Moreover, lingering investor caution amid insecurity and chronic policy uncertainty, it said, will constrain foreign direct investment outside the oil and gas sector. These structural challenges will continue to cap upside for fixed investment through 2026, it explained .

“All told, we project gross fixed capital formation to expand by 7.0 per cent and add 0.9pp to headline growth,” the report said.

For oil production, it stated that this will improve modestly in 2026, providing some support to exports. Output, it stressed, had fallen to record lows in 2022 due to widespread pipeline vandalism, oil theft, and prolonged underinvestment, but has since staged a partial recovery.

“Our oil & gas team forecasts total liquid hydrocarbons output to average 1.73 million barrels per day in 2026, up 1.9 per cent from 1.70 million bpd in 2025  and above the official OPEC production quota of 1.50 million b/d. This will be driven by midstream infrastructure upgrades, debottlenecking efforts, and incremental output from smaller fields.

“However, gains will remain limited by a lack of major new projects and continued, albeit reduced, levels of theft and vandalism,” it stated.

Fitch emphasised that much of the export gains, however, will be offset by rising imports. As inflation and borrowing costs ease, stronger domestic demand will drive higher imports of goods needed to support the recovery, given Nigeria’s limited manufacturing capacity, it noted.

“Moreover, the Dangote refinery is likely to source more domestic feedstock, placing a ceiling on crude oil exports. As a result, we expect net exports to contribute just 0.7pp to headline growth in 2026, a sharp decline from 3.2pp in 2025.

“Looking ahead to 2027, we expect economic growth to moderate to 3.8 per cent . Inflation will remain relatively subdued – averaging 11.5 per cent – while the central bank continues to cut the policy rate to 20.00 per cent by year-end, allowing the recovery in domestic demand to continue into 2027.

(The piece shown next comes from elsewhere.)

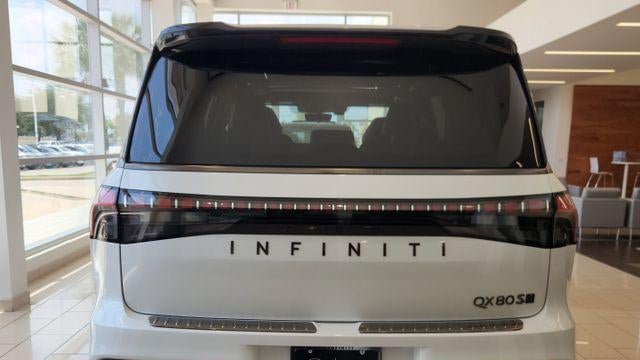 2026 INFINITI QX80 Sport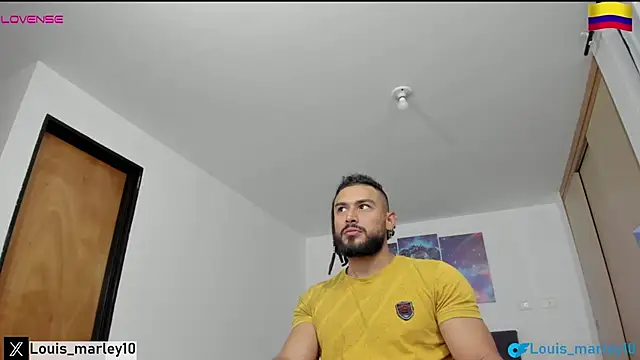 Louis marley   online show from February 22, 2025, 1:44 am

“However, the absence of major new oil project start-ups before 2028 means there will be no significant capacity additions to counter declines from ageing infrastructure, which will weigh on Nigeria’s export performance in 2027,” it said.

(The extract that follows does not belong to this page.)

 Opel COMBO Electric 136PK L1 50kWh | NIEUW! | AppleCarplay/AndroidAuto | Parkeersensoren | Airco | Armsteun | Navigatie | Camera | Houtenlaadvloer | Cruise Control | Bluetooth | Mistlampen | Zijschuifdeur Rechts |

Besides, the report explained that Nigeria’s economic growth outlook faces predominantly downside risks, with three key risks standing out, listing them as disruptions at the Dangote refinery, further rise in insecurity as well as rising tensions with the US.

“The Dangote refinery has significantly reduced Nigeria’s reliance on imported fuel through 2025 and improved foreign exchange liquidity. While we expect this to continue in 2026, any operational delays or disruptions would keep fuel imports higher-than-expected, worsening FX pressures and inflation, which would dampen Nigeria’s growth outlook.

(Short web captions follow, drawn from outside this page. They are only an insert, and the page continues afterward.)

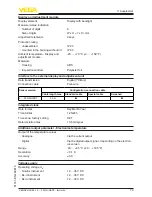 Preview for 79 page of Vega VEGAPULS 64 Operating Instructions Manual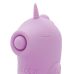 Вібратор-єдиноріжка Unihorn - C Horse - Marina Lilac, вагінально-кліторальна стимуляція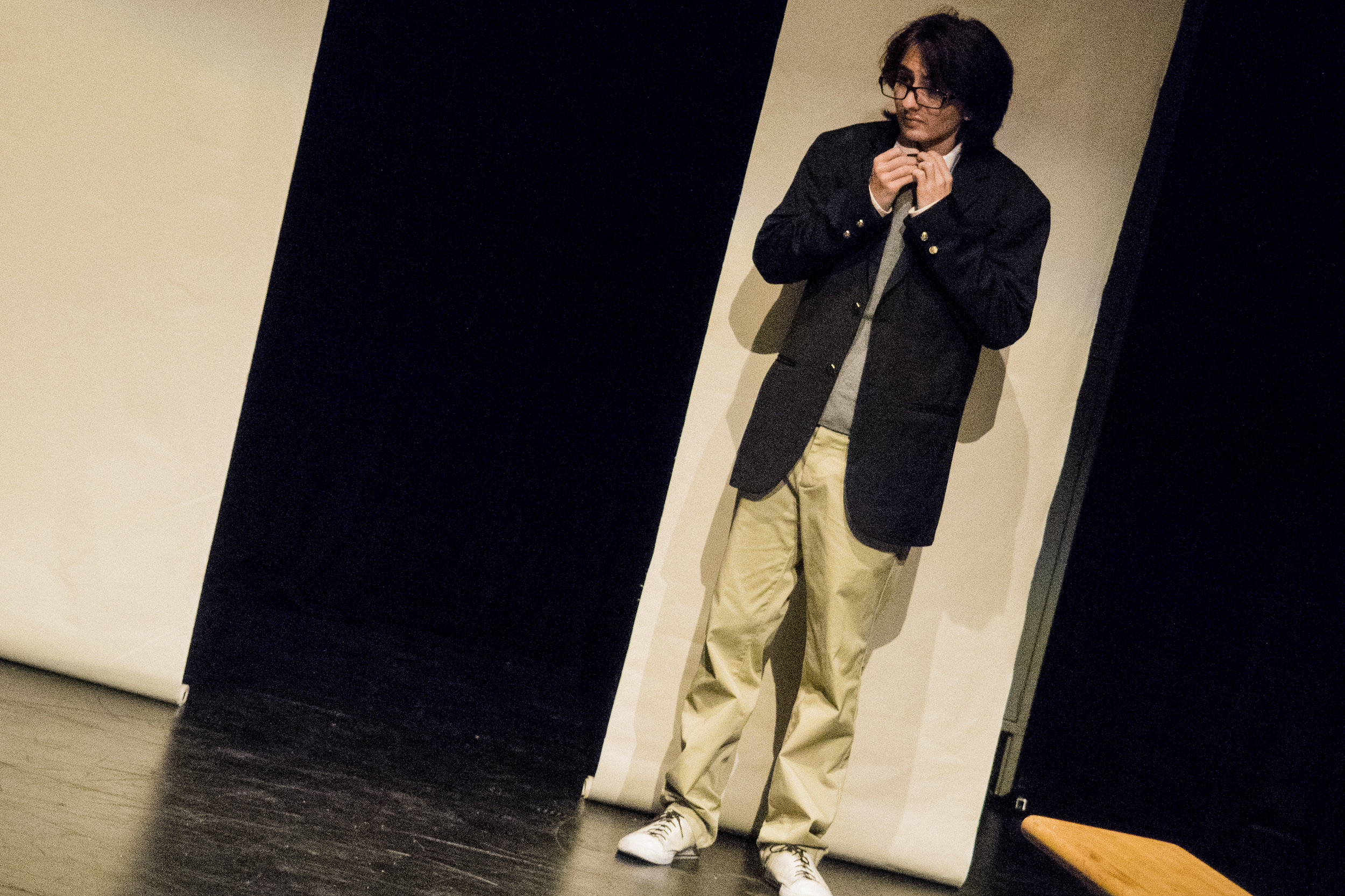 Romeo + Juliet production photo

“A worsening in Nigeria’s already precarious security landscape – which has come under increased pressure in 2025 due to a spike in kidnappings – would disrupt agricultural output and oil production, two key growth drivers. It would also deter investment and raise fiscal costs for security, limiting resources for infrastructure and social spending.

“If US–Nigeria relations worsen in 2026 – following President Donald Trump’s allegations of unsubstantiated Christian persecution in Nigeria – there is a risk that Washington could resort to economic measures, such as higher tariffs or sanctions.

“Such actions would likely disrupt Nigeria’s oil exports, limit access to US markets and financing, and erode investor confidence, collectively weighing on growth,” the Fitch report explained.